3. Ve o mü'minler ki onlar, her lüzumsuz şeyden yüz çevirirler.
4. Ve o mü'minler ki, onlar zekatı da ifâ edenlerdir.
5. Ve o mü'minler ki, onlar elbette avret mahallerini muhafaza edenlerdir.
6. Ancak zevceleri veya sağ ellerinin mâlik olduğu cariyeleri müstesna. Çünkü onlar, (bu halde) kınanılmış değildirler.
7. Artık kimler de bunların ötesini istemiş olursa işte haddi tecavüz etmiş olanlar onlardır, onlar.
8. Ve o mü'minler ki, onlar, emanetlerine ve ahdlerine riayet edenlerdir.
9. Ve o mü'minler ki, onlar namazları üzerine muhafazada (muvazabette) bulunurlar.

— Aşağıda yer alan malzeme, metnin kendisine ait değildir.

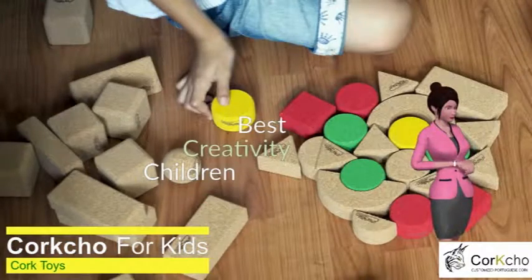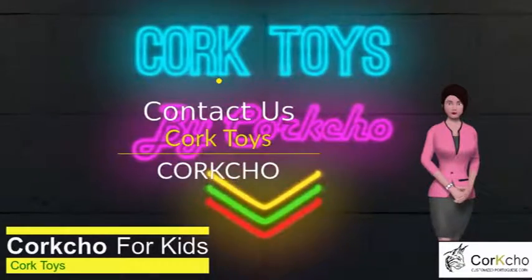Simple toys are best suited to the development of children's creativity. Playing means having fun without pursuing a goal.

10. İşte vâris olanlar, onlardır.
11. Onlardır ki, Firdevs'e vâris olurlar, onlar orada müebbeden kalıcılardır.
12. Ve andolsun ki, insanı çamurdan (ibaret olan) bir hülâsadan yarattık.

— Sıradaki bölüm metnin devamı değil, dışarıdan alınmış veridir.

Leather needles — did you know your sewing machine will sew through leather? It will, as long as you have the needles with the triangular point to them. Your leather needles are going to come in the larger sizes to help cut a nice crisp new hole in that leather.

13. Sonra onu metin bir karargâhta bir nutfe kıldık.
14. Sonra o nutfeyi bir donmuş kan yarattık, müteakiben o donmuş kanı da bir parça et kıldık, sonra o et parçasını da kemikler kıldık, kemiklere de bir et giydirdik. Sonra da onu başka bir halk olarak inşa etmiş olduk. İmdi musavvir, mukaddir olanların en güzeli olan Allah Teâlâ, pek mübarektir.
15. Sonra şüphe yok ki, siz, bundan sonra elbette ölmüş kimselersinizdir.
16. Sonra da muhakkak ki, siz Kıyamet günü diriltilip kaldırılacaksınız.
17. Ve kasem olsun ki, sizin üzerinize yedi yol yarattık, Biz yaratmaktan gâfiller olmadık.